Each entry is to be retyped exactly as it appears. Leave the images out.

═════ SOURCE RECORDS ═════

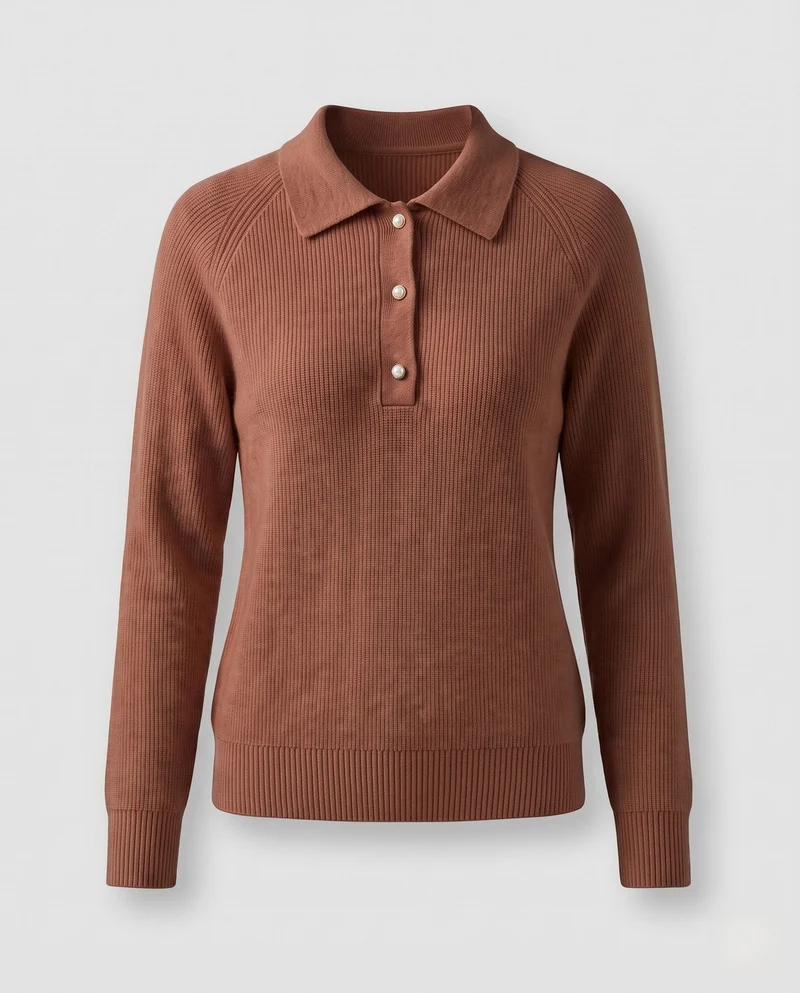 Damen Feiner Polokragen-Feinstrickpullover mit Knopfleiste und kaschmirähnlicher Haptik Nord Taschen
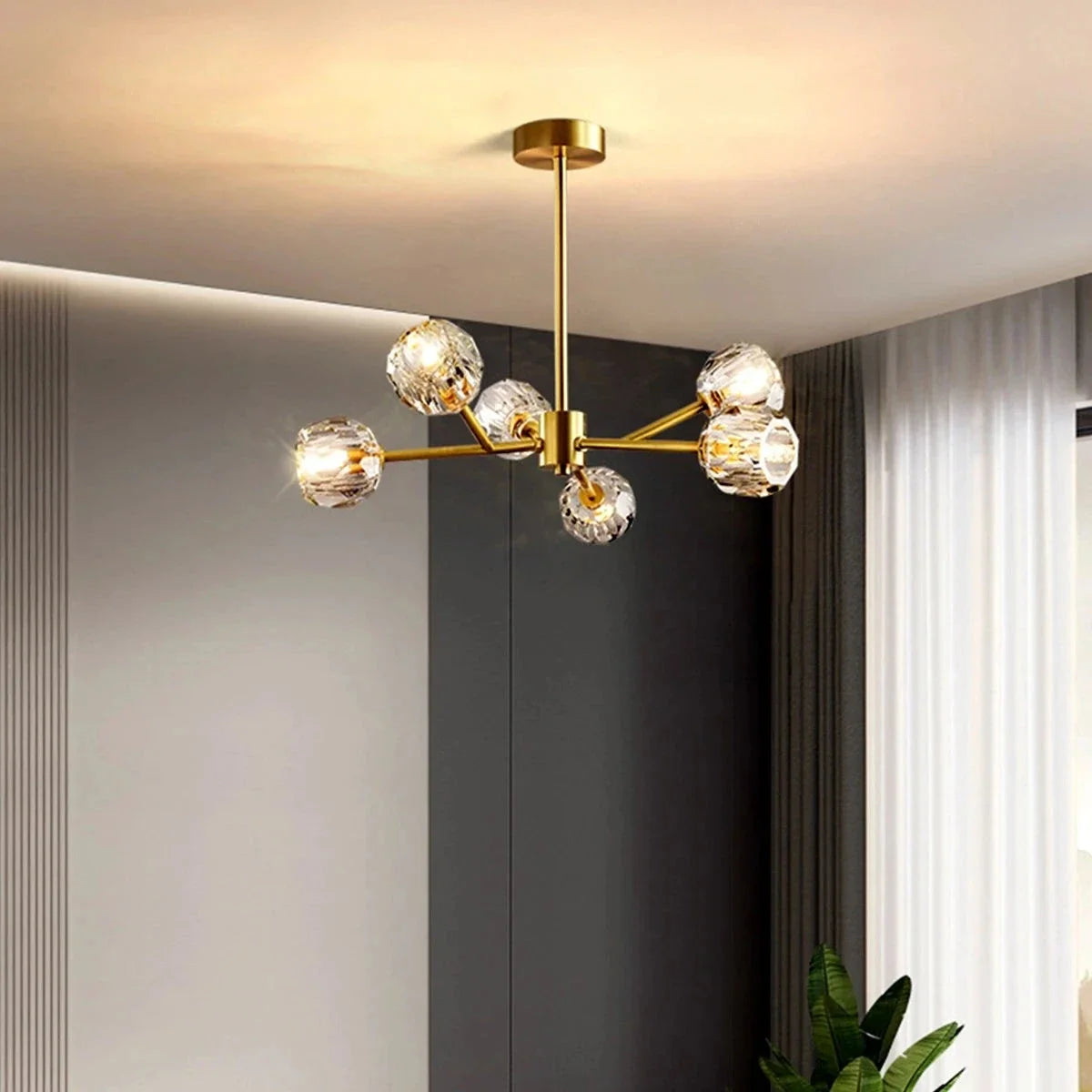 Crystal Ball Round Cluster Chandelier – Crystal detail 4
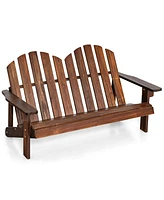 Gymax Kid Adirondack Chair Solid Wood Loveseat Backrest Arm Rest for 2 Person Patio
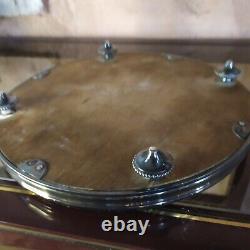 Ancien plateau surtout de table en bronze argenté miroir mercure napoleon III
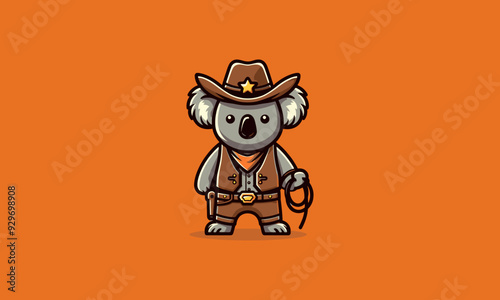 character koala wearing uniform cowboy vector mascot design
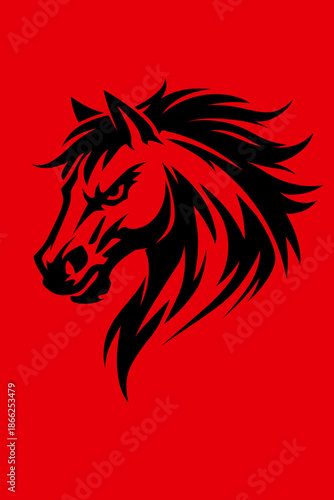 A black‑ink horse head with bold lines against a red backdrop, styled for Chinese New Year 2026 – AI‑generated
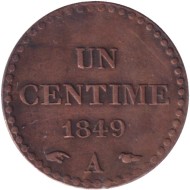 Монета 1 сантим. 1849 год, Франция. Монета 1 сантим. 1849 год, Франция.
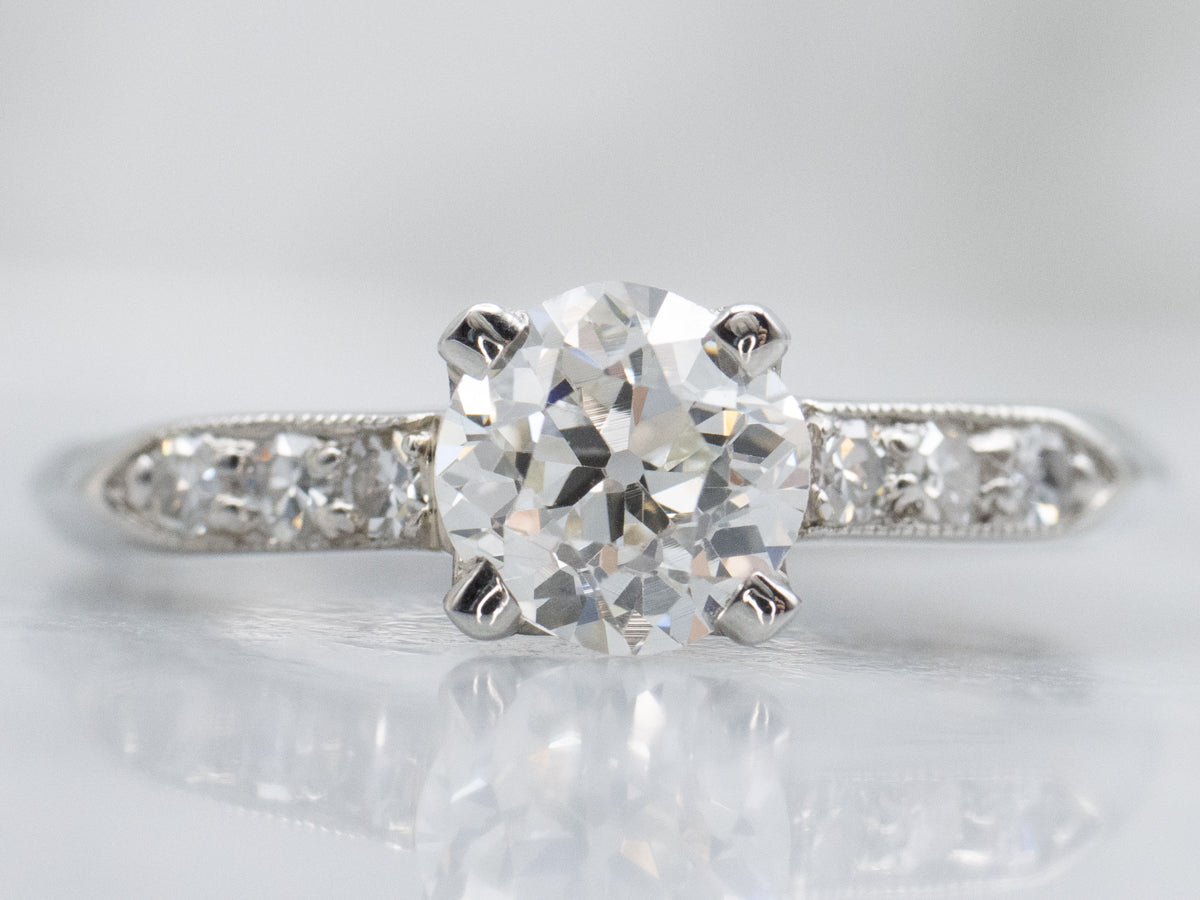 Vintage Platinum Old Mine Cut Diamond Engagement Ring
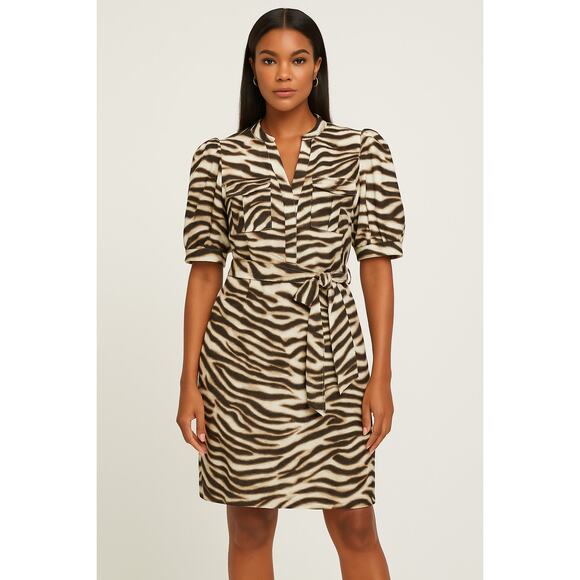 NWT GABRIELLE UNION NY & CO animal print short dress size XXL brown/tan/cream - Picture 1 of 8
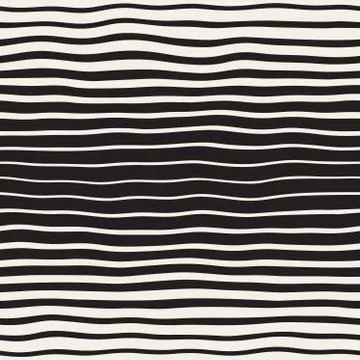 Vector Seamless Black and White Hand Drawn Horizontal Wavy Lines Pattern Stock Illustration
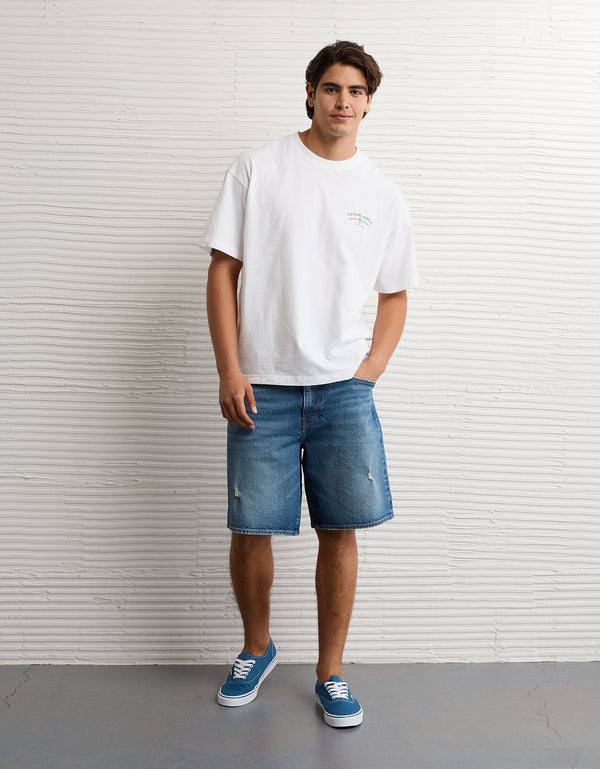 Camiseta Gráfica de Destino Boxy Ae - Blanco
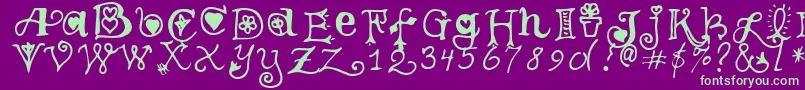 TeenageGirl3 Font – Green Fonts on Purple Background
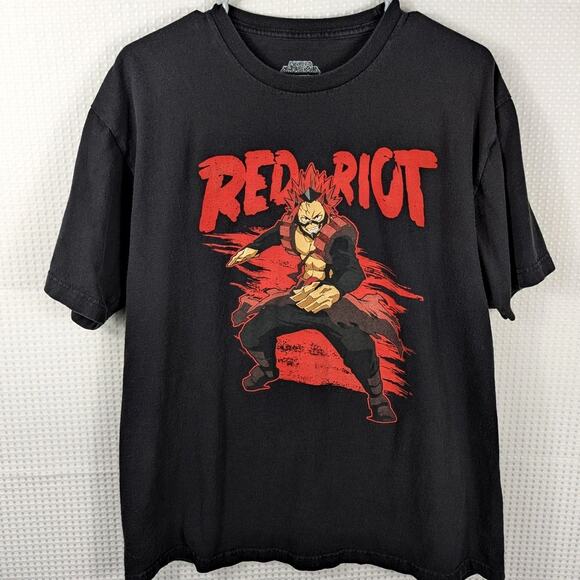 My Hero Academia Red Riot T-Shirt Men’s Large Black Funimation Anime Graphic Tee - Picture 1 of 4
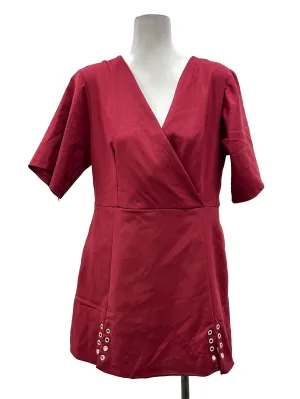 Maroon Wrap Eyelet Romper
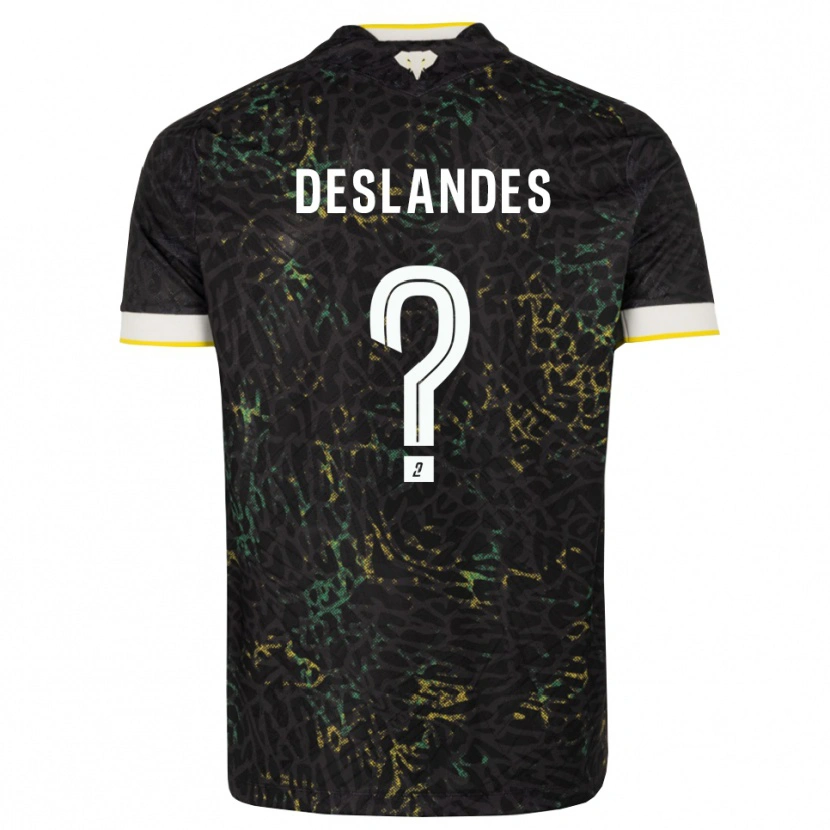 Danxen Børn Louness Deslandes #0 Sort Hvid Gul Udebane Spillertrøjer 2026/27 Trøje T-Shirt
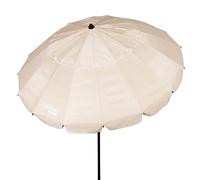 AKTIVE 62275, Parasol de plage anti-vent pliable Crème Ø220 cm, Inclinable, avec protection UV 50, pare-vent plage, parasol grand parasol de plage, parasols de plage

═════

SOLUTION FOR THIS PROBLEM:
 Damen Feiner Polokragen-Feinstrickpullover mit Knopfleiste und kaschmirähnlicher Haptik Nord Taschen
 Crystal Ball Round Cluster Chandelier – Crystal detail 4
 Gymax Kid Adirondack Chair Solid Wood Loveseat Backrest Arm Rest for 2 Person Patio
 Ancien plateau surtout de table en bronze argenté miroir mercure napoleon III
 character koala wearing uniform cowboy vector mascot design
 A black‑ink horse head with bold lines against a red backdrop, styled for Chinese New Year 2026 – AI‑generated
 Монета 1 сантим. 1849 год, Франция. Монета 1 сантим. 1849 год, Франция.
 Vintage Platinum Old Mine Cut Diamond Engagement Ring
 NWT GABRIELLE UNION NY & CO animal print short dress size XXL brown/tan/cream - Picture 1 of 8
 Vector Seamless Black and White Hand Drawn Horizontal Wavy Lines Pattern Stock Illustration
 Camiseta Gráfica de Destino Boxy Ae - Blanco
 TeenageGirl3 Font – Green Fonts on Purple Background
 My Hero Academia Red Riot T-Shirt Men’s Large Black Funimation Anime Graphic Tee - Picture 1 of 4
 Maroon Wrap Eyelet Romper
 Danxen Børn Louness Deslandes #0 Sort Hvid Gul Udebane Spillertrøjer 2026/27 Trøje T-Shirt
 AKTIVE 62275, Parasol de plage anti-vent pliable Crème Ø220 cm, Inclinable, avec protection UV 50, pare-vent plage, parasol grand parasol de plage, parasols de plage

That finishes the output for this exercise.